Exercise -> Output each entry that follows exactly. Images stay out.

____

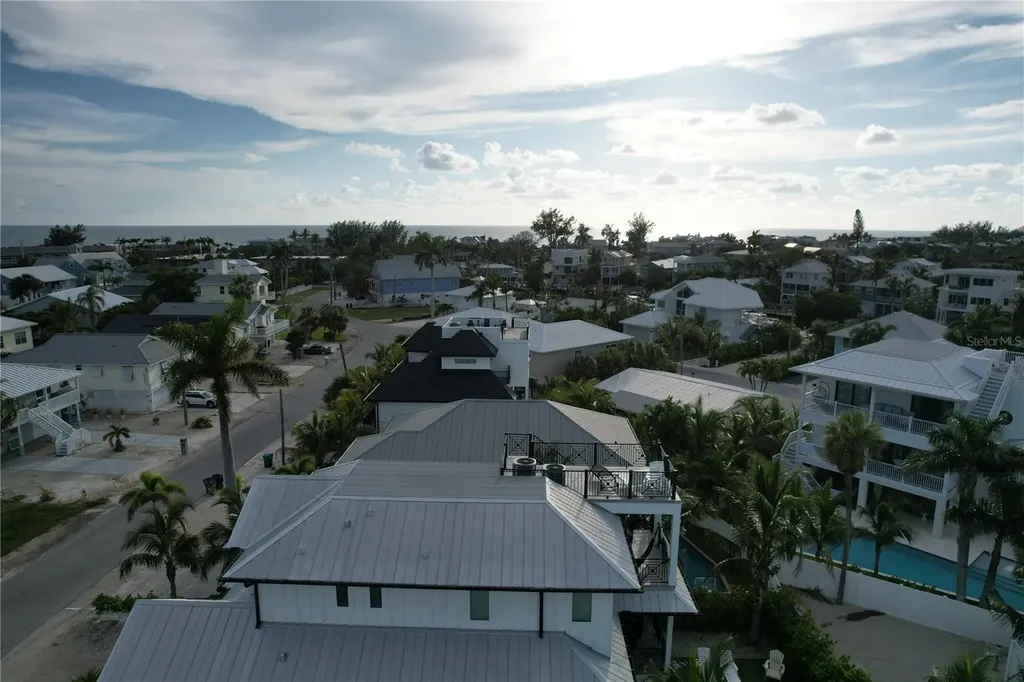237 S Harbor Drive Holmes Beach FL 34217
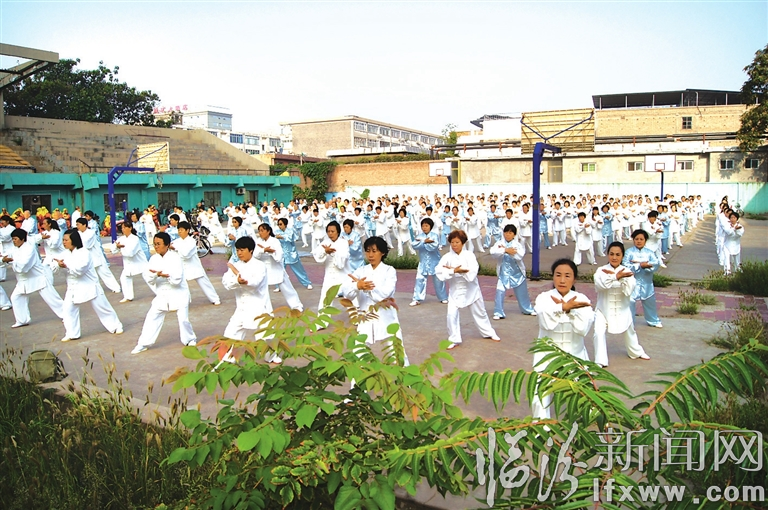 臨鐵體育館的“年輕人”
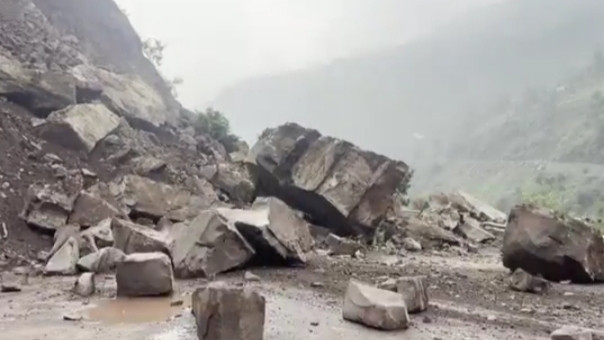 ammu Kashmir roadblock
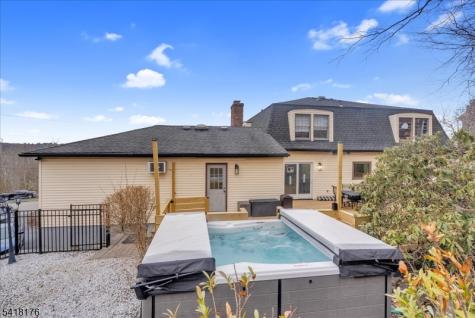 40 Alvin Road West Milford NJ 07480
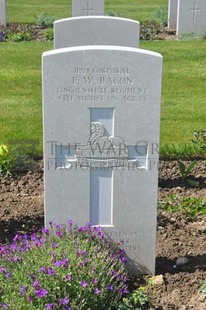MONT HUON MILITARY CEMETERY, LE TREPORT - BACON, FREDERICK WILLIAM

____

Solved problem ->
237 S Harbor Drive Holmes Beach FL 34217
 臨鐵體育館的“年輕人”
 ammu Kashmir roadblock
 40 Alvin Road West Milford NJ 07480
MONT HUON MILITARY CEMETERY, LE TREPORT - BACON, FREDERICK WILLIAM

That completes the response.